Politics aside, Disney’s current movies and shows have just not been enjoyable.
Even on a surface level it isn’t hard to admit Disney’s recent movie and show options have been big CGI-covered remakes of their own classics, or overworked products of someone else’s IPs they bought for the sum of a small country’s worth.

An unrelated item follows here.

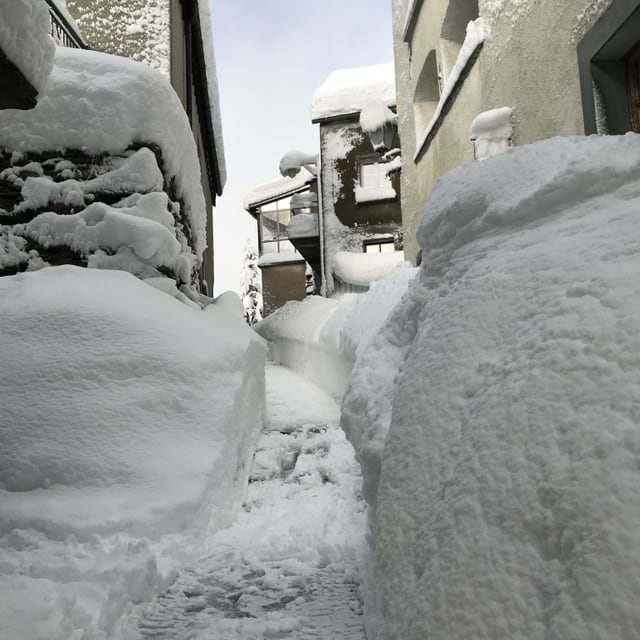 Viel Schnee zwischen den Häusern.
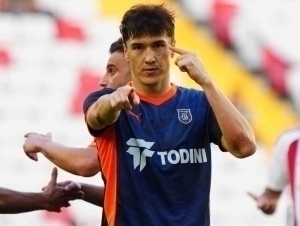 Шомуродов Туркия Суперлигасининг биринчи давра рамзий жамоасидан жой олди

I have no problem with looking at old things a new way, experimenting with ideas, or thinking with edgy or sometimes controversial creativity. Disney did that several times in the past. Yet, they did it for the sake of storytelling. Here are some example’s of Disney’s experimental gambles that work:
Disney meets Dali
In 1945 surrealist Salvador Dali and Walt Disney were teamed up to work on something that never came to fruition in either of their lives. In 2003, the eerily beautiful Destino was completed for the traveling animation showcase, Animation Show of Shows.
Donald Loves America
The patriotism of Walt Disney was at its peak in World War II. Walt Disney contributed everything from nose art concepts to war mascots like the WASP’s Fifinella, to many pieces of pure, wartime propaganda. One of the most famous was the Donald Duck short “Der Fuehrer’s Face”. Donald has a nightmare of being a Nazi soldier. Yes, it might seem a little rough today, but we were at war, and we were going to win!
Horror for Gen X Kids
I’m going to pop ahead to the late 70s and into the 80s, when Disney started getting a little dark..and we Gen X kids and teens loved it. Today, many of these movies are overlooked, but they are still some of coolest presentations of family style horror (at least for you teens and up) out there. For a generation who grew up with Scary Stories to Tell in the Dark and Goosebumps, Disney gave us creepy fun like their version of Ray Bradbury’s Something Wicked This Way Comes, the Bette Davis film The Watcher in The Woods..and the horrifying fantasy, Return to Oz.
…and Fantasia
The visual feast of classical music interpretations, Fantasia wasn’t a big hit in 1940. Today, it is considered one of the masterpieces in motion picture history. I might be one of the few people who enjoyed the 2000 version, but it was what it was: just a fun little tribute to the first. The original is still amazing, and the finale with contrasting pieces of Mussorgsky’s “Night on Bald Mountain” and Schubert’s “Ave Maria” one of the most beautiful and peaceful looks at how good overcomes evil. No computer-tinged eye candy can touch this.
The problem isn’t “experimentation” or trying something new. The problem is trying the same thing again and again without the need for imagination. The Walt Disney Company’s soul used to be fully in imagination. I hope that can return to the big and small screens once again.